Medical Matters:Trying to describe ageing has much in common with St Augustine's famous observation on the nature of time.
What, then, is time?
If no one asks me, I know what it is.
If I wish to explain it to him who asks me,
I do not know.
Augustine, Confessions, Chapter XIV
We all have a sense of what it is, yet may find significant difficulties in articulating this to others. When we do try, our explanations will vary remarkably: it is also likely that many will emphasise the negative aspects of ageing at the expense of the positive aspects.
A balanced view is important: illness and bad things happen to people at all stages of life, and most of us wish to rise above an illness and affirm our innate humanity and personality.
Also, many of the intrinsic qualities of ageing - experience, wisdom, stoicism, good strategic thinking - are generally helpful aids in dealing with the difficulties associated with age-related disease and disability.
A seminar on Creativity and Ageing, hosted by the Irish Gerontological Society last month, provided insights into how we might better understand the benefits of later life.

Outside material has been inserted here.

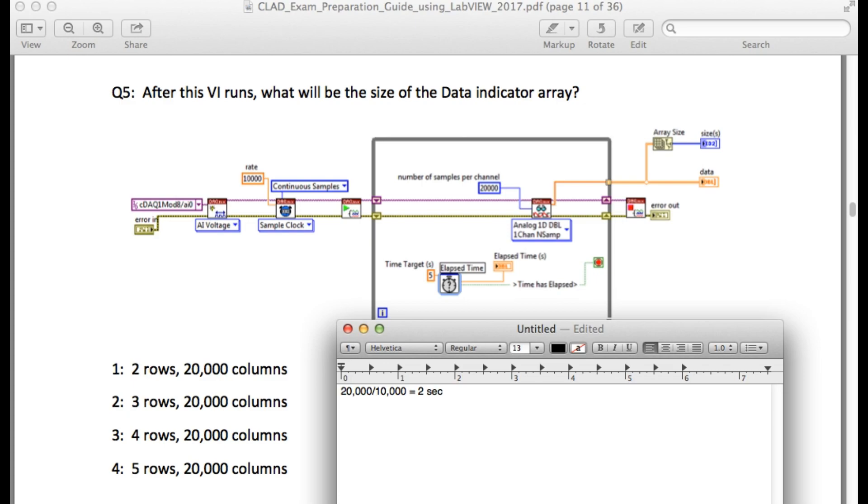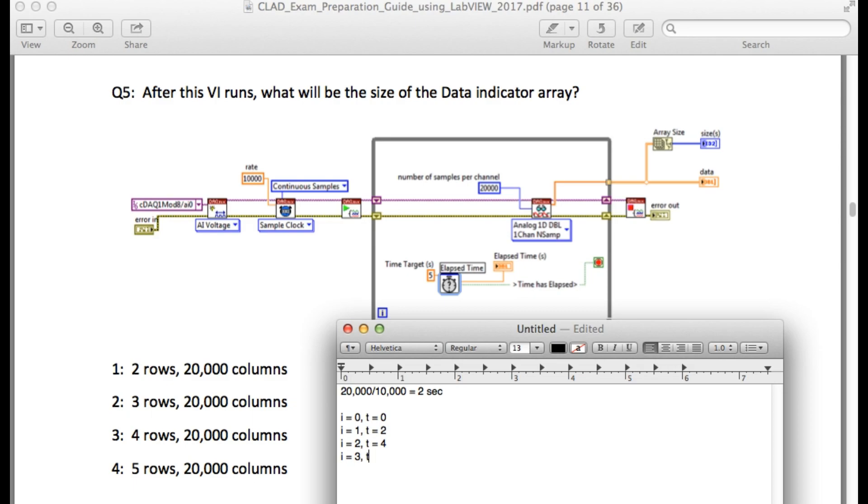If you run the VI, we will see that in the first iteration t will be equal to 0. At i equal to 1, t will be equal to 2 for the elapsed timer. At i equal to 2, t will be equal to 4, and finally at i equal to 3, t will be equal to 6. So since it is larger than 5, in the fourth iteration the loop will stop.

Understanding complex ideas is often helped by the use of metaphor, and the creativity of later life allows us a unique perspective on the benefits of later life.
Ageing is at once complex and simple. It occurs from the moment we are conceived, and at all ages is associated with growth and loss. For example, at the age of seven there are things that we can no longer do that we could do with ease at the age of two - learn a language perfectly, learn to walk, put our toes in our mouth. In general we have grown accustomed to unconsciously doing the calculation that the growth side of the equation more than adequately makes up for the losses, to the point that we do not even consciously recognise the losses.
This occurs to such an extent that the lay public unconsciously associates the word ageing with old age, and usually in negative terms.
Why is it important to discuss ageing in the context of it occurring at all ages? Precisely because much of the negative attitude to old age is due to a failure to recognise the positive and negative sides of ageing at all ages. An undue emphasis on the negative side colours the climate within which you or your loved one will (or will not) receive care, services as well as the standard of those services.
If society diminishes the value of ageing, then the political emphasis dwells less on services for older people - the adult group for whom services are most clearly needed. Worse, the very welcome increase in life span may be portrayed in falsely apocalyptic terms, propagating the myth of the burden of ageing.
Considering late life creativity allows us to appreciate the complexity and benefits of later life.
In the National Gallery of Ireland, you will be struck by the wonderful Louis le Brocquy tapestry spanning the height of the entrance hall of the Millennium Wing, a vibrant and glowing product of an artist in his 80s. Further into the gallery is his portrait of Bono, from his 83rd year, and showing the artist in his prime, yet still catching the zeitgeist.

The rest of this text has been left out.